__ACTION ITEM__.
Reproduce, word for word, the lines in the material below starting with the one that has "Lynk & Co 01" and going on through the one that has "Used Toyota Avalon". Leave out all pictures.

*** Opening EXERCISE DATA ***

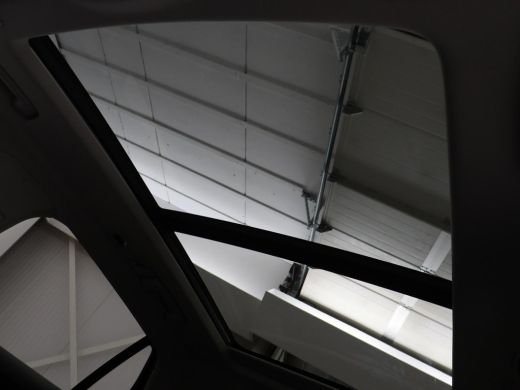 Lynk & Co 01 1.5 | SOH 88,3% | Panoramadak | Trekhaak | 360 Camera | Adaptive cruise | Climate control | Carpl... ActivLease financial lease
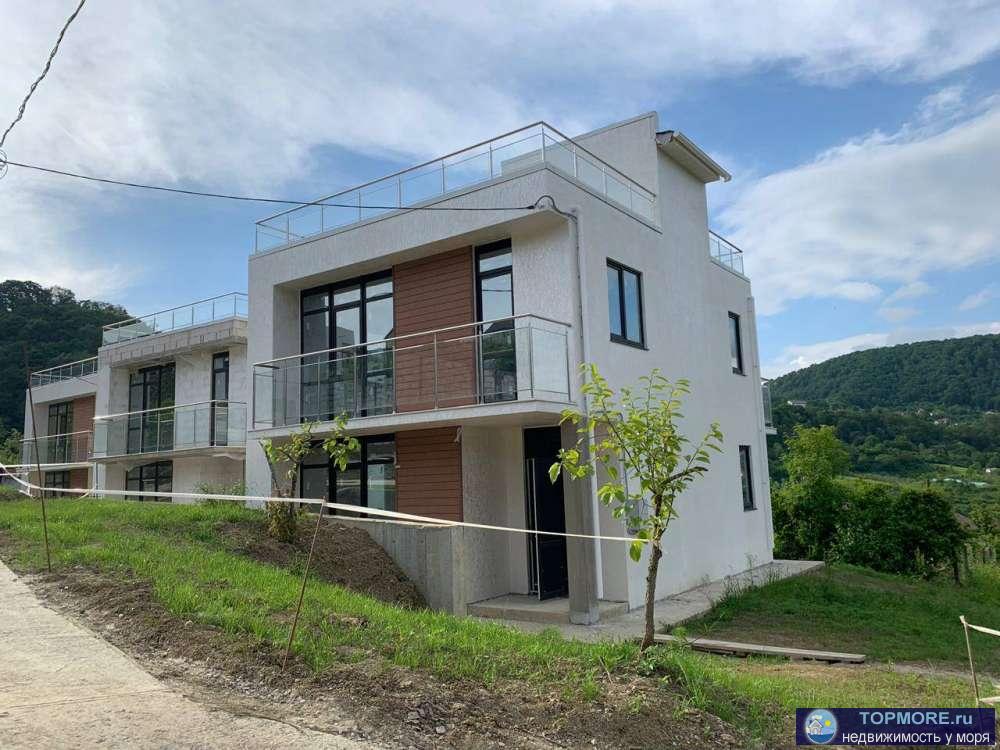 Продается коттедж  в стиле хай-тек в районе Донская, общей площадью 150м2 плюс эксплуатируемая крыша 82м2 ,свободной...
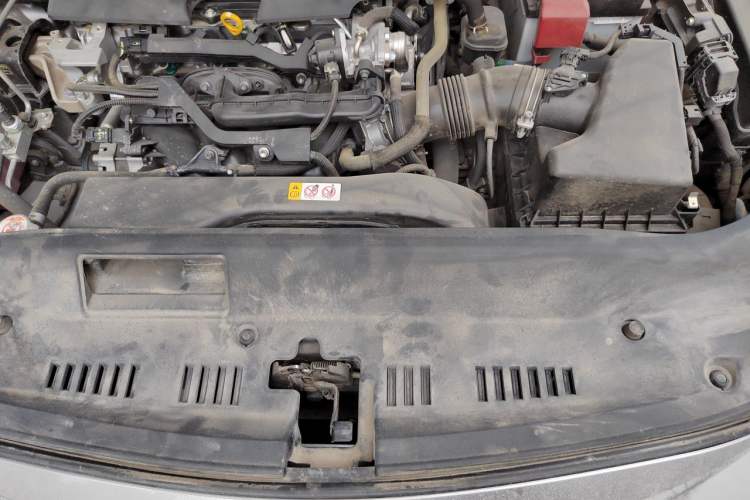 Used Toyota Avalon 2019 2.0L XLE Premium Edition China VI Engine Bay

*** Closing EXERCISE DATA ***
*** Opening EXERCISE DATA ***

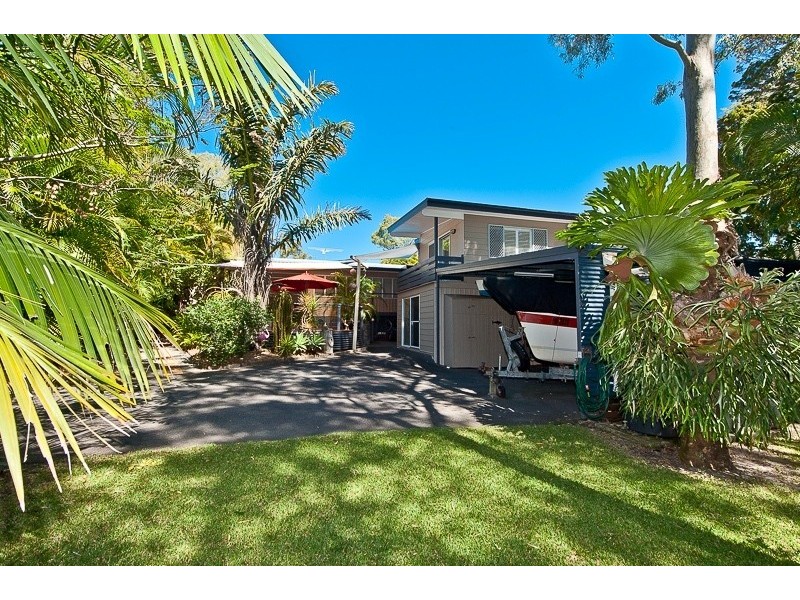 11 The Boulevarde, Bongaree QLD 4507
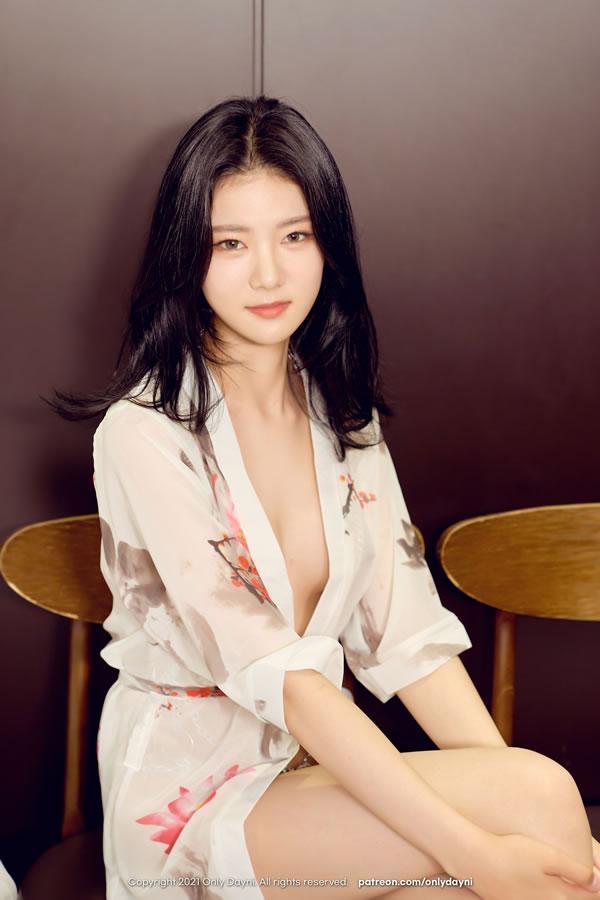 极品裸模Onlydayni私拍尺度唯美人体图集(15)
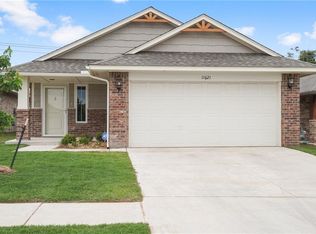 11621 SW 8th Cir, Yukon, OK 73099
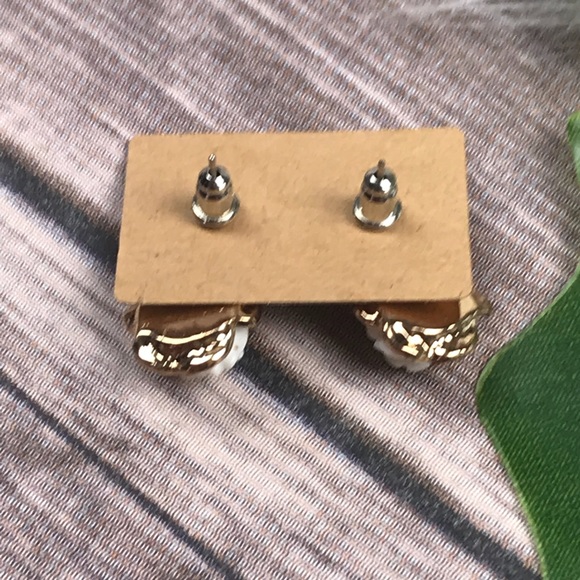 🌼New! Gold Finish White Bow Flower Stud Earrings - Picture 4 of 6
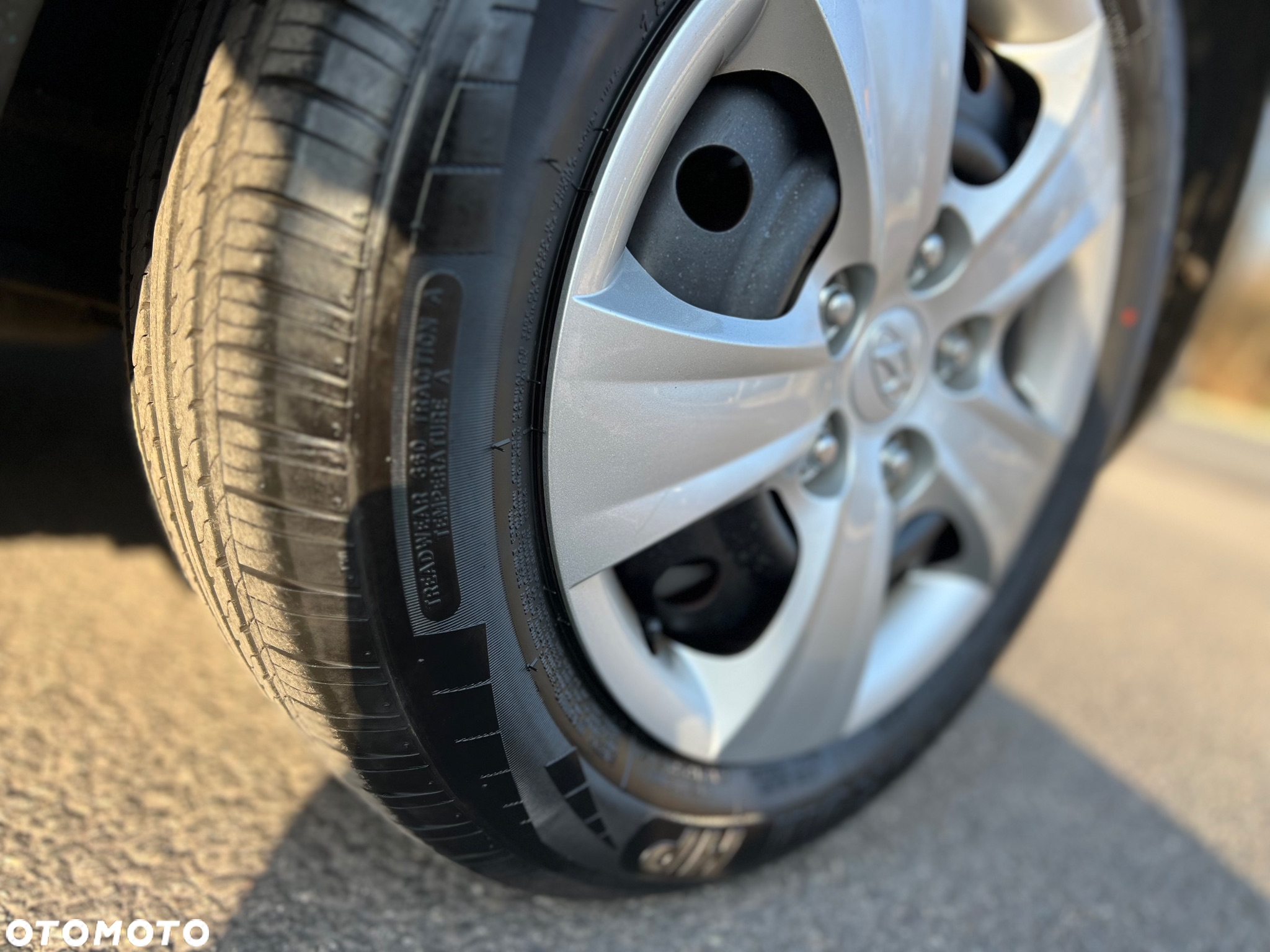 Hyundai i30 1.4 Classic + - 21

*** Closing EXERCISE DATA ***

__EXPECTED ANSWER__.
 Lynk & Co 01 1.5 | SOH 88,3% | Panoramadak | Trekhaak | 360 Camera | Adaptive cruise | Climate control | Carpl... ActivLease financial lease
 Продается коттедж  в стиле хай-тек в районе Донская, общей площадью 150м2 плюс эксплуатируемая крыша 82м2 ,свободной...
 Used Toyota Avalon 2019 2.0L XLE Premium Edition China VI Engine Bay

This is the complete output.